4. Mon dernier message consiste précisément à souligner que pour la France, pour l'Europe, la modernisation de l'économie, la marche vers l'ouverture est intrinsèquement liée au projet historique de la construction régionale et que dans une certaine mesure, cette dimension est également inscrite dans l'avenir de l'Asie. Les deux grandes économies, celle de la Chine, qui vient de rentrer à l'OMC, et du Japon, qui avait adhéré au GATT, seront des moteurs d'une nouvelle coopération économique régionale destinée à surmonter l'héritage du passé et à uvrer avec d'autres au rapprochement des peuples d'Asie.
La France et l'Europe, qui partagent avec le Japon et la Chine la vision d'un monde multipolaire, voient dans la construction régionale un facteur important de stabilité internationale. Le Japon y est déjà engagé et je salue les avancées qu'il a rendues possibles sur le terrain de la coopération financière, en particulier à travers l'initiative de Chiang Mai, qui contribuera à la stabilité des changes dans la zone dite ASEAN + 3. Elle favorisera le développement des flux commerciaux internes à l'Asie de l'Est et la région pourra aussi bénéficier d'un accord commercial. Dans ce contexte, le Japon joue un rôle déterminant pour impulser les nouvelles dynamiques d'intégration régionale qui sont nécessaires. De l'expérience de la France dans la construction européenne, je retiens que le succès d'une telle action passe par deux atouts maîtres.
- Un bon moteur économique : c'est pourquoi le Japon doit remplir pleinement son rôle si actif en Asie, en intensifiant son effort de modernisation et d'ouverture commerciale.
- de bons architectes : je sais que l'Asie, et notamment le Japon, n'en manque pas.

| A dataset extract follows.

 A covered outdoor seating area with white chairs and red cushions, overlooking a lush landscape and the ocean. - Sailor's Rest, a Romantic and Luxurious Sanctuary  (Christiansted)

Monsieur le Ministre, Mesdames et Messieurs, nos modèles doivent s'enrichir de notre diversité renouvelée. Cela implique d'accepter l'ouverture et l'aiguillon de la concurrence. Les règles internationales existantes, avec ce qu'elles comportent de gain réciproque, y conduisent. Cela impose aussi de s'engager dans la définition de nouvelles règles protectrices de notre diversité. La relation franco-japonaise montre qu'il s'agit d'une ambition réaliste. Celle-ci s'incarne dans les nombreux partenariats franco-japonais respectueux de la différence des cultures et des identités. Grâce à des journées comme celle-ci, je suis sûr qu'ils se développeront et enrichiront notre relation.